### PROBLEM TO WORK ON
With the pictures removed, reproduce exactly the lines from the one that contains "Salad Spinner Plastic" through the last line of the entries below.

(Data extracted from a collection)
+--
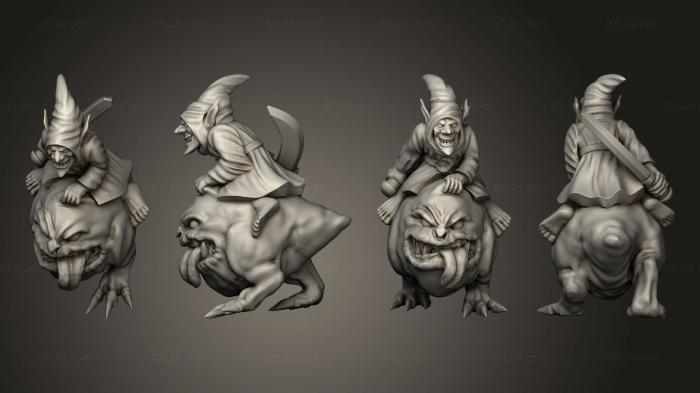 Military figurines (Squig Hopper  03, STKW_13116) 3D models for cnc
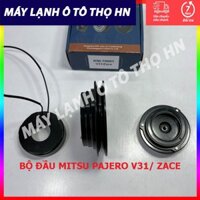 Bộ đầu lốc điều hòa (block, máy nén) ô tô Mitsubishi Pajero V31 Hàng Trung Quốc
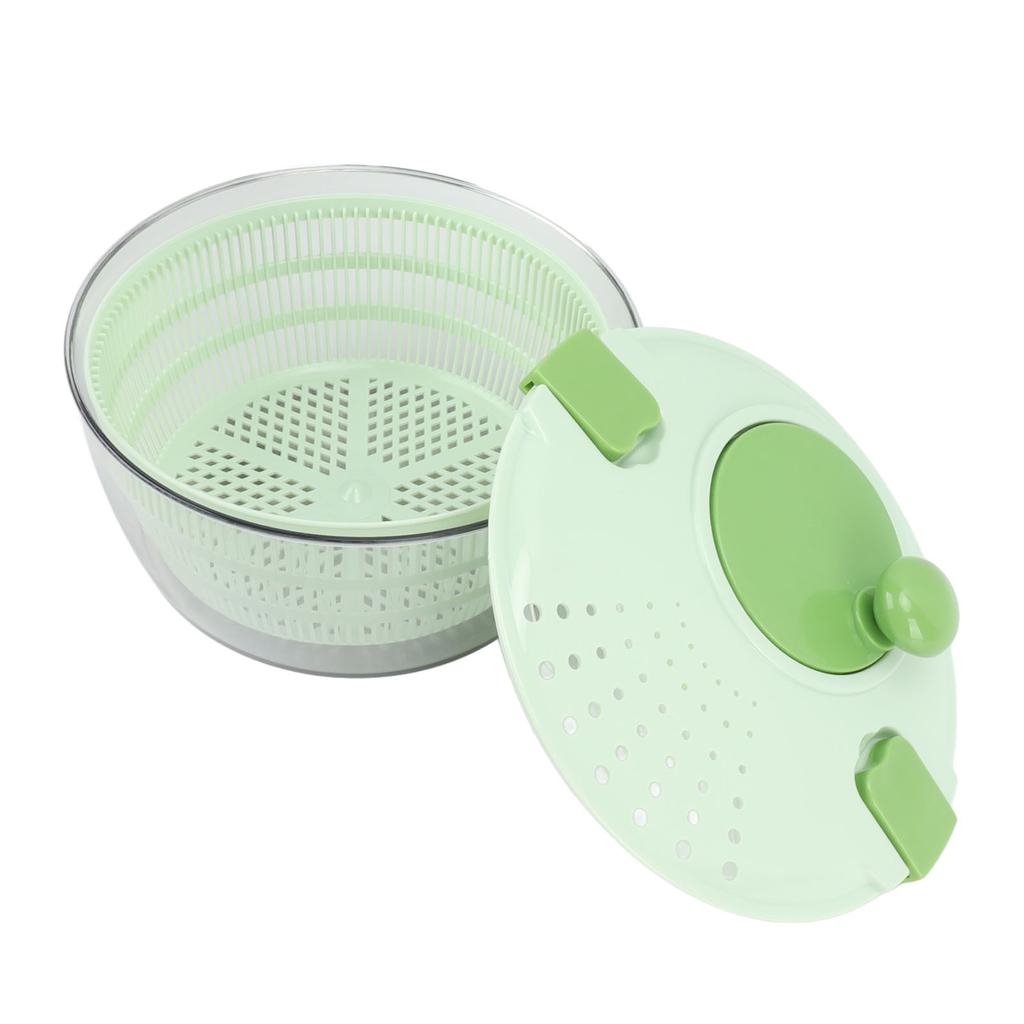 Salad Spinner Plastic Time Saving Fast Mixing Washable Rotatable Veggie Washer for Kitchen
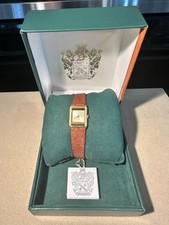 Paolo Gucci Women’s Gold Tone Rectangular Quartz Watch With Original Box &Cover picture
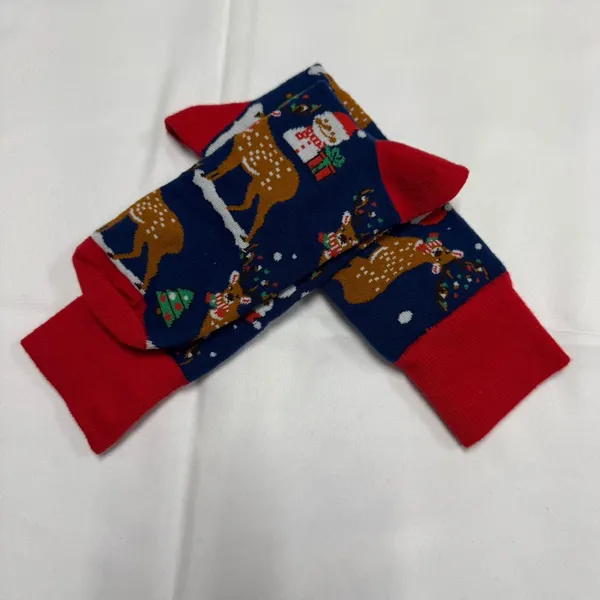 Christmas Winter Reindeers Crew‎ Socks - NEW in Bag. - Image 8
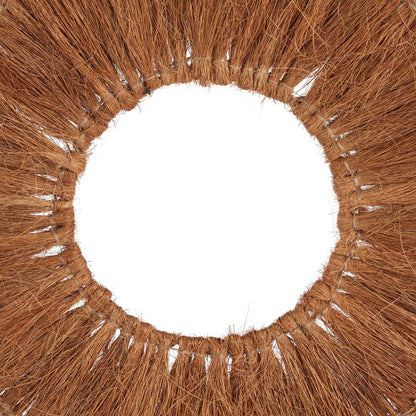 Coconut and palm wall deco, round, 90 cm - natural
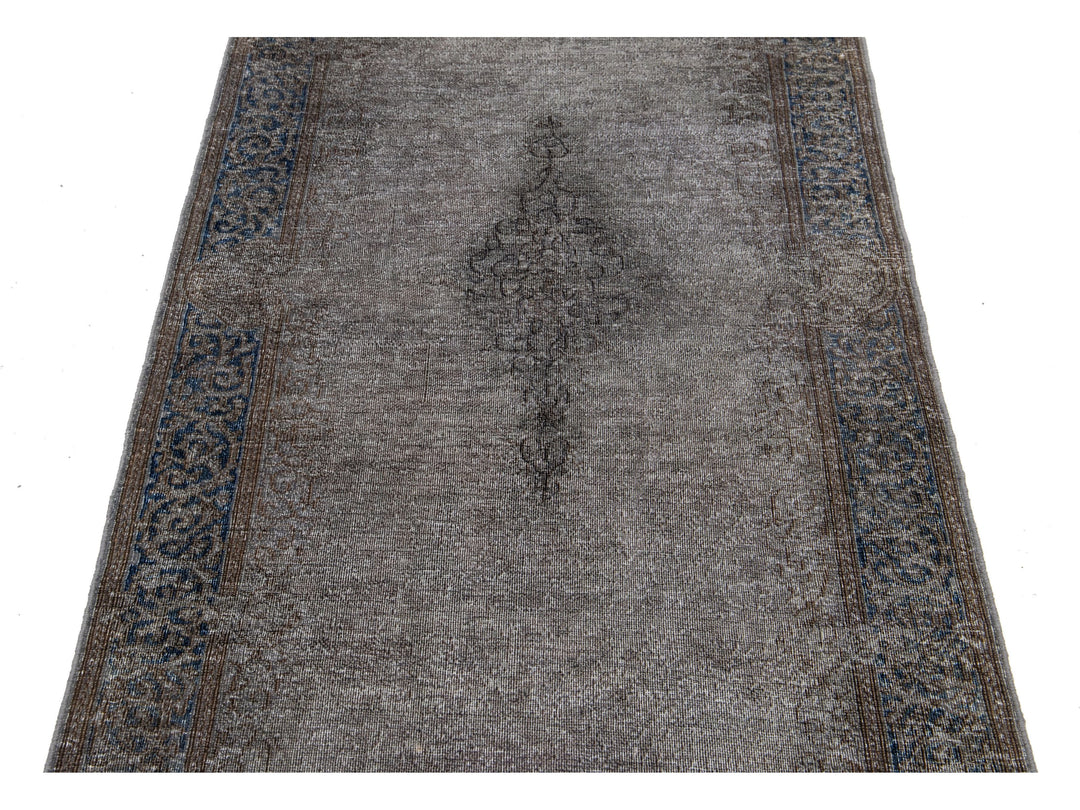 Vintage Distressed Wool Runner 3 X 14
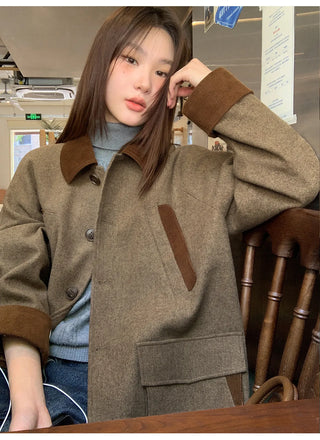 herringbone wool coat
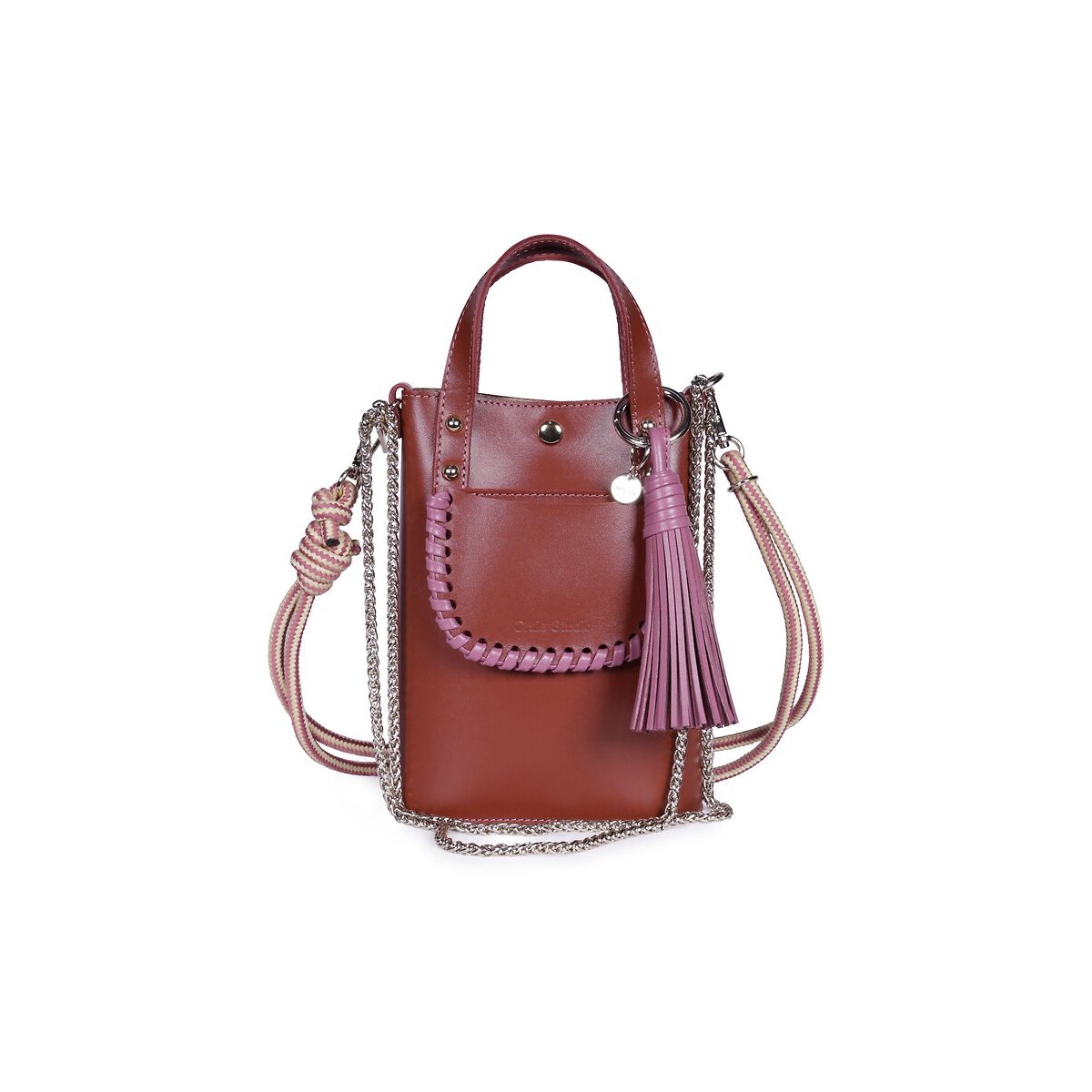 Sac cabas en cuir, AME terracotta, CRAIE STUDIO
+--
### FINISHED TASK
 Salad Spinner Plastic Time Saving Fast Mixing Washable Rotatable Veggie Washer for Kitchen
 Paolo Gucci Women’s Gold Tone Rectangular Quartz Watch With Original Box &Cover picture
 Christmas Winter Reindeers Crew‎ Socks - NEW in Bag. - Image 8
 Coconut and palm wall deco, round, 90 cm - natural
 Vintage Distressed Wool Runner 3 X 14
 herringbone wool coat
 Sac cabas en cuir, AME terracotta, CRAIE STUDIO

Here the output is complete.